From 1912-46, Walter Plecker served the state of Virginia as registrar in the Bureau of Vital Statistics – and as the state’s unofficial race purifier. Plecker slashed through entire nations of original people and, with the stroke of his pen, literally crossed out the Indian identity that persisted through the generations. Back in 1813, the Gingashins, an eastern tribe that ardently maintained traditional practices and freely and unashamedly intermarried with African-Americans, became the very first US tribe to be terminated. Plecker picked up this task of whole-group erasure a century later. With the power to grant birth, death, and marriage certificates, he victimized people whose forebears were Indian and black and silenced the truth of their native ancestry. Plecker simply changed individual racial designations from Indian to African-American by writing in the now much-reviled terms, “colored” or “mulatto.”
Bolstered by the support of groups like the Anglo-Saxon Clubs of America, Plecker’s work led to the Virginia Racial Integrity Law of 1924, a piece of virile legislation that reduced the state population to just two racial categories. This is also the law that criminalized inter-racial marriage in the state and was not overturned until the Supreme Court’s 1967 ruling in Loving vs. The State of Virginia determined that people did, in fact, have the right to love across racial lines. By effectively erasing any Native American presence from the official record, Plecker wiped the state’s original inhabitants and their descendants off the books.
Were my great great-great-grandmother’s people, her family members who remained in Virginia, the victims of Plecker’s campaign?
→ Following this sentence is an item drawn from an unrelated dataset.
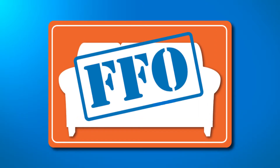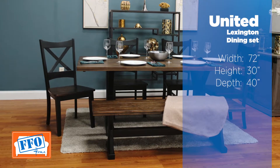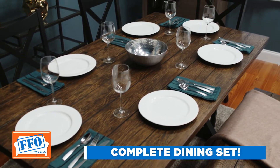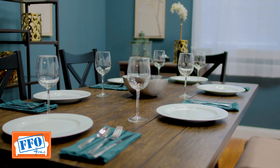Here's another product highlight from FFO Home. This solid wood dining group is big enough for your entire family. The six-piece set includes the table, four traditional side chairs, and a bench. You'll enjoy every meal seated around this inviting dining group.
If so, how can I hope to match oral testimony that persisted through the generations against official state records that Plecker destroyed with a kind of sick, obsessive-compulsive madness? The kin descendants of Frederica Sayers Coffin might be listed on Virginia’s rather extensive record-keeping from the colonial period onward that included manumission records, population records and Free Negro records that (I hope) remain accessible and intact. Unless my people tried to survive off the grid, I might be able to dig them up there. But the digging will have to reach deep.
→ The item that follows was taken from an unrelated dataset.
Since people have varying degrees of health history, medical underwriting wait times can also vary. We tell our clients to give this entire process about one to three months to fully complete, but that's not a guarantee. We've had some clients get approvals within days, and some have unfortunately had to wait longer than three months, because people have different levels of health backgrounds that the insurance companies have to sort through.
During Plecker’s reign, the state’s Amherst Indians refused to attend Jim Crow schools in Virginia, cut ties with the black community and often remained poor and undereducated as a result. A rebirth into the government system occurred for the Amherst in the 1980s, however, when they regained tribal recognition. Significantly, the Buffalo Ridge Cherokee, a group that proudly asserted their African, native and European ancestry, did not. To this day, living descendants of the Buffalo Ridge Cherokee are organized and openly celebrate their culture; but, at least officially through the state of Virginia and the United States government’s Bureau of Indian Affairs, this tribe, many of whom look African-American, simply no longer exists.